Tom Jenkinson rediscovers his roots while reinventing the light show.

SQUAREPUSHER

[A/V CLUB] Having some sort of visual accompaniment—usually films playing behind the musicians or an elaborate light show—is the norm for electronic musicians. Deadmau5 has the colorful mouse masks; DJ Shadow has a large white globe he performs inside of while videos are projected onto and around it. 

But one of the few artists to attempt to connect the audio and visual to the point the music affects what the audience is seeing is Tom Jenkinson, the polymath who records and performs as Squarepusher. 

The 37-year-old musician's live setup finds him standing in front of a large panel of LED lights while wearing a mask that also has LED lights embedded in it. Using self-programmed software, the images or patterns that come to life on and around Jenkinson depend on what he plays on his keyboards and which knobs he twists on his sequencers. 

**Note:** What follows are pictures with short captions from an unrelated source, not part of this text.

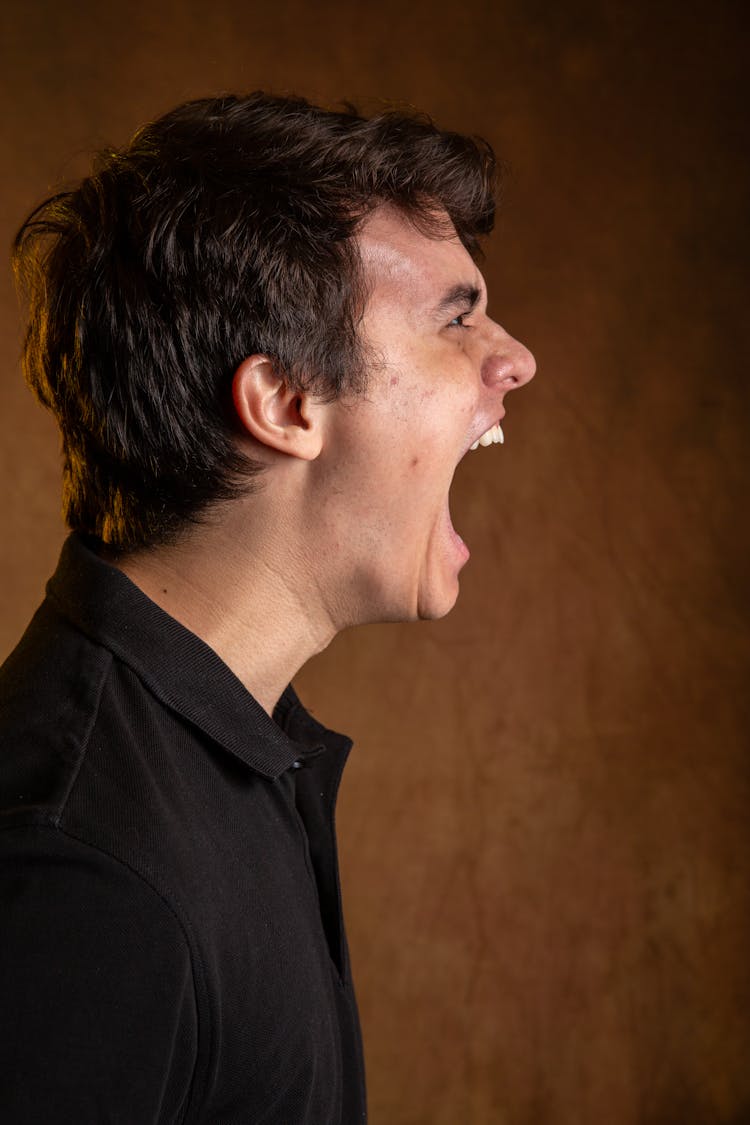 Side View Of A Man Shouting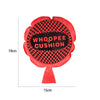 A red, flower-shaped Whoopee Cushion prank toy with a black and pink checkered pattern.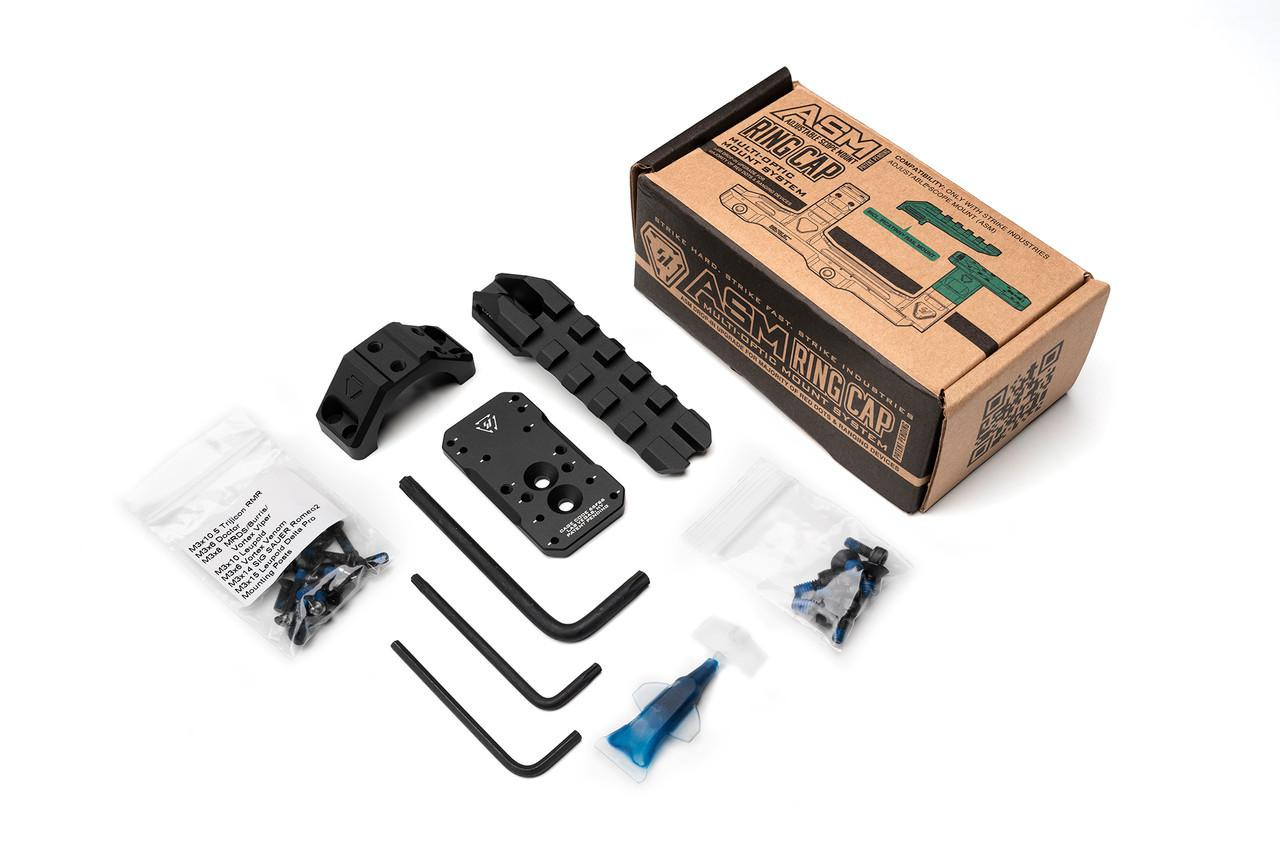 Strike Industries SI-STRIKE-ASM-OM ASM Ring Cap Multi-Optic Mount System, disassembled with various black metal mounting components, hex keys, screws, and a small tube of lubricant, alongside the product's packaging box.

"The visuals are being produced in real time onstage," Jenkinson says, speaking on the phone from Montreal prior to the start of his current tour. "There's a degree to which it's never the same each time you do it. So there is a potential for glitches, but I’ve tried to make a virtue of that.” 

Considering the often-mangled tone of Squarepusher's music, those visual patterns could get downright dizzying. Jenkinson started his career in the early '90s, carving off jagged slices of drum 'n' bass and acid house (often augmented by his virtuosic bass playing).

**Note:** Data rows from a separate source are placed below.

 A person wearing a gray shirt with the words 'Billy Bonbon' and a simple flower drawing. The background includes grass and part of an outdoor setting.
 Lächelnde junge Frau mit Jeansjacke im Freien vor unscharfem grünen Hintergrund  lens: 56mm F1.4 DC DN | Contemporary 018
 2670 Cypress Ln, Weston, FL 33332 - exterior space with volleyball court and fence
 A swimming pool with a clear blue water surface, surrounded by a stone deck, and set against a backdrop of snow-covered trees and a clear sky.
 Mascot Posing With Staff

Unlike most of his peers, Jenkinson refused to sit still, trying his hand at electro played on live instruments, and letting the influence of jazz and modern classical music creep into his recordings with delirious results. Squarepusher was even ballsy enough to release a full album of solo bass instrumentals. 

Squarepusher's most recent album, Ufabulum (released this May on Warp), finds him returning to the speedy beats and high-pitched squeals of melodic drum 'n' bass. But it's a more mature approach to the genre, allowing one moments to catch one's breath, with lighter melodies and ambient-style soundscapes as in the entirely beat-free "Red in Blue."

As an album, Ufabulum coheres more easily than some earlier Squarepusher efforts. The songs feel tonally connected and uniform even when they spin off in different directions. "I was hearing a sonic identity before beginning the project," Jenkinson says. "And I was working on the visual material at the same time as the sonic material. There was a vision of what I wanted to see alongside what I wanted to hear."

With both elements now in place, Jenkinson can have fun with it all, deconstructing older as well as more recent material in real time, and reconnecting the pieces into a massive feast for the senses. "I'm generally trying to work with as much instinct as possible," he says. "Once it becomes too intellectualized and too much speculation comes in over what I could be doing rather than what I should be doing, you're taking a lot of energy away from that instinct. I feel like this is the way that suits me."

SEE IT: Squarepusher plays Wonder Ballroom, 128 NE Russell St., on Tuesday, July 31. 9 pm. $30 advance, $35 day of show. 21+.